:: Data supplied

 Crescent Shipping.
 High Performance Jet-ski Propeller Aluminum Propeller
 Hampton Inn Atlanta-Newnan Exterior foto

::::
:: Data supplied

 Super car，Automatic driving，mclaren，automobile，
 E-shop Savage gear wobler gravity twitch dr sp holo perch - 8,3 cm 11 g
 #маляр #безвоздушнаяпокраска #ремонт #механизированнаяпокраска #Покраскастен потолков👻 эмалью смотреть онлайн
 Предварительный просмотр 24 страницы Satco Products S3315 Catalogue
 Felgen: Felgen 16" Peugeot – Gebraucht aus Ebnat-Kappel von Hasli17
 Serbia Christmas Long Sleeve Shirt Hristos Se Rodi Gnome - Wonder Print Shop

::::
:: Data supplied

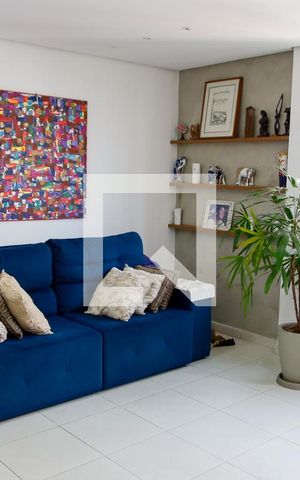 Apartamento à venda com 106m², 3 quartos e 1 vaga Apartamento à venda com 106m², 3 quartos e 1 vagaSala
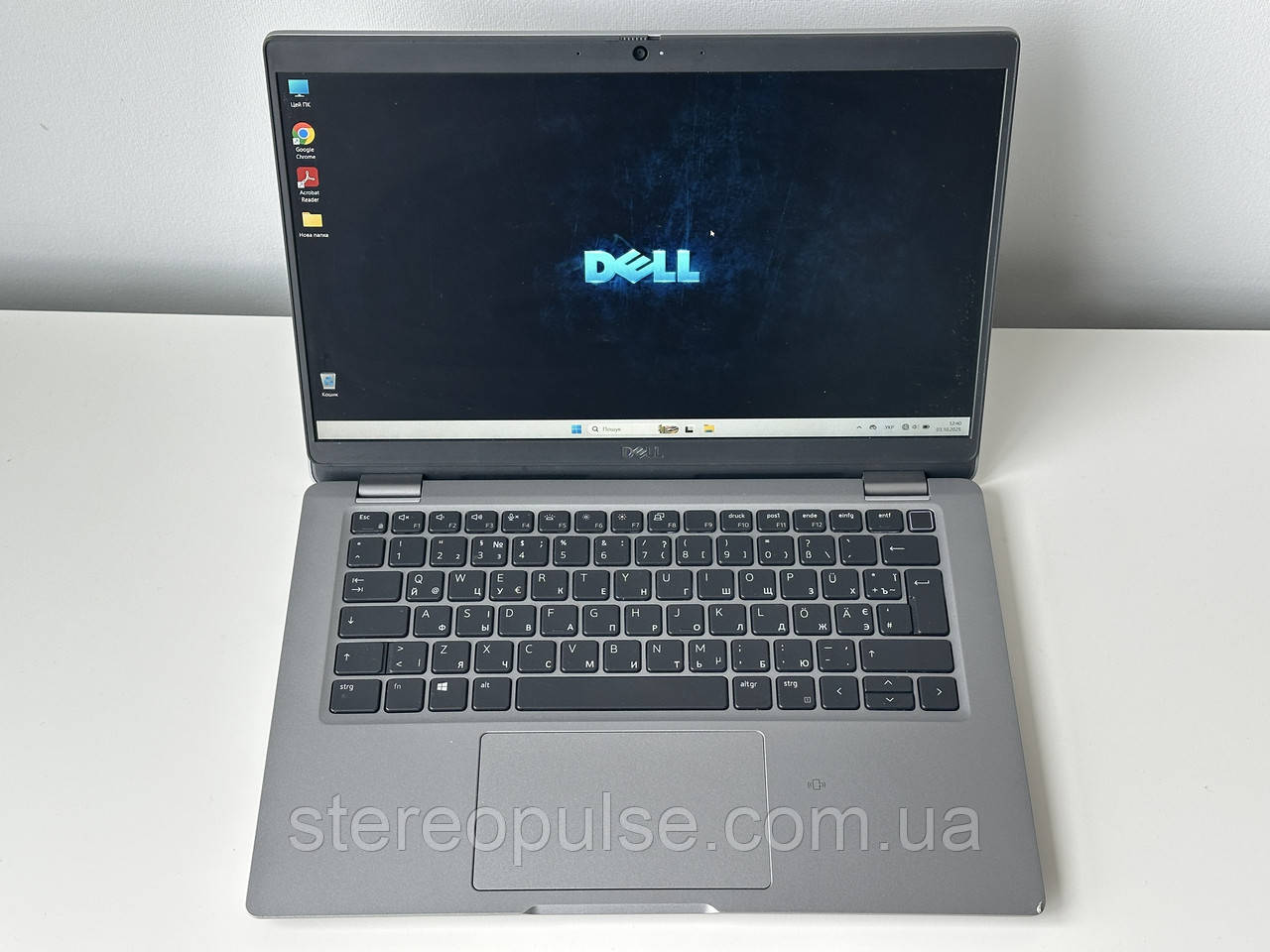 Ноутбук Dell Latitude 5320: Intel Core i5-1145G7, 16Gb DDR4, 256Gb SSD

::::

> **Task objective**
Copy out precisely the lines from the line with "#маляр #безвоздушнаяпокраска #ремонт" to the line with "Serbia Christmas Long" in the material above, including those two lines and omitting all the rest.

> **Worked solution**
 #маляр #безвоздушнаяпокраска #ремонт #механизированнаяпокраска #Покраскастен потолков👻 эмалью смотреть онлайн
 Предварительный просмотр 24 страницы Satco Products S3315 Catalogue
 Felgen: Felgen 16" Peugeot – Gebraucht aus Ebnat-Kappel von Hasli17
 Serbia Christmas Long Sleeve Shirt Hristos Se Rodi Gnome - Wonder Print Shop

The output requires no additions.